# Line sizing/use site



## Waterwings (Nov 25, 2008)

Borrowed this link from another site:

https://www.bassfishin.com/articles/fishing-line-guide/


----------



## FishingCop (Nov 25, 2008)

This was a very informative site - thanks WW


----------



## Waterwings (Nov 25, 2008)

It does have some useful info on it, however it doesn't even mention the Yo-Zuri Hybrid I use.


----------



## FishingCop (Nov 25, 2008)

Waterwings said:


> It does have some useful info on it, however it doesn't even mention the Yo-Zuri Hybrid I use.



It lacks many other issues as well, while I found it informative, I don't neccessarily agree with all of their opinons - in fact, I tend to think that they're recomendations are ALL for more heavy a line that is needed for their examples... --- Just my humble $.02 worth.....


----------



## Waterwings (Nov 25, 2008)

Concur, as they do tend to go towards heavy line.


----------



## russ010 (Nov 25, 2008)

I found that site a few days ago when I was trying to get some tips for fishing jigs...

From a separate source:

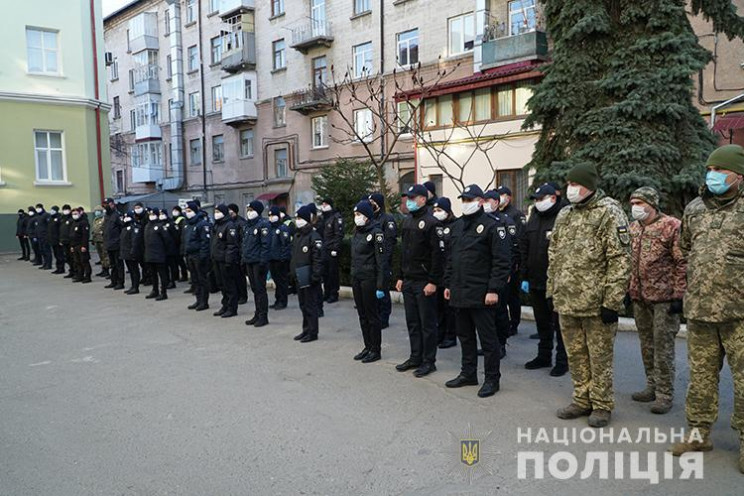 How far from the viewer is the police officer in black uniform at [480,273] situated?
5.77m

A local guide here turned me onto fluorocarbon line about 4 years ago, and I haven't used anything but that since. I also don't fish a line that is smaller than 15lb test. I have found that I can pretty much fish just about any technique I want with that size line... and as far as crankbaits go, I can generally get an extra foot or two deeper, so I have to be careful with it when I'm in shallow water with heavy cover. 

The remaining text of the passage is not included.